Segment Open
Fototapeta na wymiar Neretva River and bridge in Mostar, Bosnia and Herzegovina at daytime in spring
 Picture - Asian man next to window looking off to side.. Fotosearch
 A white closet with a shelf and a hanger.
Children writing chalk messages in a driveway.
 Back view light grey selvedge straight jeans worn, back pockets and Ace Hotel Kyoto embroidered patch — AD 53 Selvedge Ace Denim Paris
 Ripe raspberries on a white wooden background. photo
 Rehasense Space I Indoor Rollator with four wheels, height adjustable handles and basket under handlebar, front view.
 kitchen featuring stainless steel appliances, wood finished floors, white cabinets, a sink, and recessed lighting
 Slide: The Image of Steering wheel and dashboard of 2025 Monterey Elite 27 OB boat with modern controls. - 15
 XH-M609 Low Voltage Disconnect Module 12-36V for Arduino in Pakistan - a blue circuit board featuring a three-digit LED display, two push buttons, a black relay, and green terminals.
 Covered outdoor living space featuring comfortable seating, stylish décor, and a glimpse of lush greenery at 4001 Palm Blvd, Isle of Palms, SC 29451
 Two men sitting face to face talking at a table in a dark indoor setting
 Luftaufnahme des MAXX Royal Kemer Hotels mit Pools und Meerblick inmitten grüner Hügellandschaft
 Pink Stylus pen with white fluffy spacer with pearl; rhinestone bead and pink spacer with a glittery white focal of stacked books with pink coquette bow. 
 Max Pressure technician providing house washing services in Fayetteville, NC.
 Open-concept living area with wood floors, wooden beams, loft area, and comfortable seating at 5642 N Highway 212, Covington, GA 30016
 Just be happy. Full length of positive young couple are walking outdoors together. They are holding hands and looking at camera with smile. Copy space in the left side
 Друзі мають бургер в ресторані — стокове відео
Segment Closed
Each line holding the word "white" must be copied from the data.

ANSWER SPACE:
 A white closet with a shelf and a hanger.
 Ripe raspberries on a white wooden background. photo
 kitchen featuring stainless steel appliances, wood finished floors, white cabinets, a sink, and recessed lighting
 Pink Stylus pen with white fluffy spacer with pearl; rhinestone bead and pink spacer with a glittery white focal of stacked books with pink coquette bow. 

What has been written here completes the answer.